There is quite an eerie duality between the lakes of the "wild" west-flowing rivers (in general they flow to wards Lake Eyre) and the "tamed" west flowing rivers. A series of lakes in the "wild rivers" (eg Lake Yamma Yamma, Diamantina lakes, Coongie lakes, etc.) Considerably slows the flow to the treeless salty pit in the end point (Lake Eyre). On the way, these storages are the lifeblood of both wilderness in these catchments(waterholes, trees, wildlife), and for human resources in those same catchments (mainly sheep/cattle grazing).
If you compare this with the Murray/Darling basin, all the human endeavour that has toiled to tame it has merely expanded on this natural system of floods being trapped. Both for the environment and human uses, it is an amazing extension, as the facts remain that floods and drought are as damaging to the natural environment's inhabitants as they are to human habitation. The remaining floods and droughts in the system are still primarily in the gaps where there is no suitable "lake" to absorb floods and make the water available through some of the following drought. I am estimating that by the end of this La Nina year, as much as all the water capacity of all of the Murray Darling water storages will have flowed out through the barrages of Lake Alexandrina. It is an open question as to whether the floods have nicely "reversed" the whole of the environmental damage done through the 10 or so years of it being a closed system (in drought, as it were). Although climate scientists have deemed the last 10 or 20 years as the new normal - I would suggest that it is a very brave call to BET that there will be similar droughts within our lifetime, as opposed to the usual contrived predictions.
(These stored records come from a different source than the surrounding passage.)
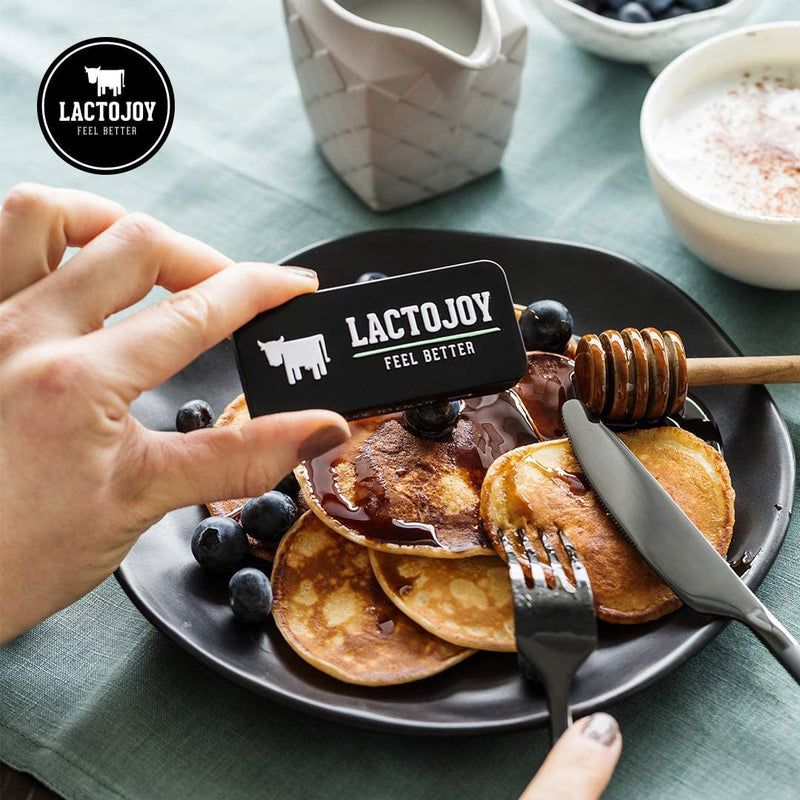 Lactojoy Lactase Tablets For Lactose Intolerance 14,500 Fcc - 45 Pieces | Helps With Milk, Sugar And Lactose Intolerance - Vegan - Without Additives 45 Pieces (Pack Of 1) - NewNest Australia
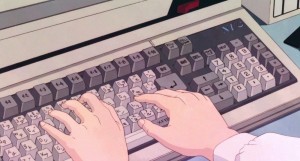 Create meme: anime gif, aesthetic, anime keyboard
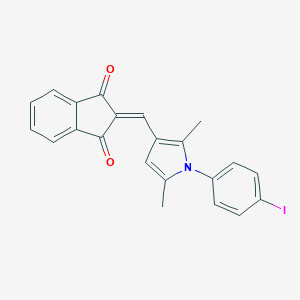 2-{[1-(4-iodophenyl)-2,5-dimethyl-1H-pyrrol-3-yl]methylidene}-1H-indene-1,3(2H)-dione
If we could have harnessed even half of that water flowing away to the sea, the floods would have been even more controlled. At least we should have generated some osmotic energy from it at Lake Alexandrina, instead of just talking desalination. In the next few years of relatively plentiful water (even if we have a drought immediately after this La Nina) It makes no economic sense to buy (at a high price) water allocations from farmers who would use it to make a profit, for the environment which doesn't need it at that moment because of the soil storage from this recent series of flood events. Just feel grateful that we have got so much flexibility due to large natural and artificial storages, and perhaps plan some more future bountiful lakes that can be huge long term environmental assets for a relatively small environmental and human adjustment upfront price in drowned valleys.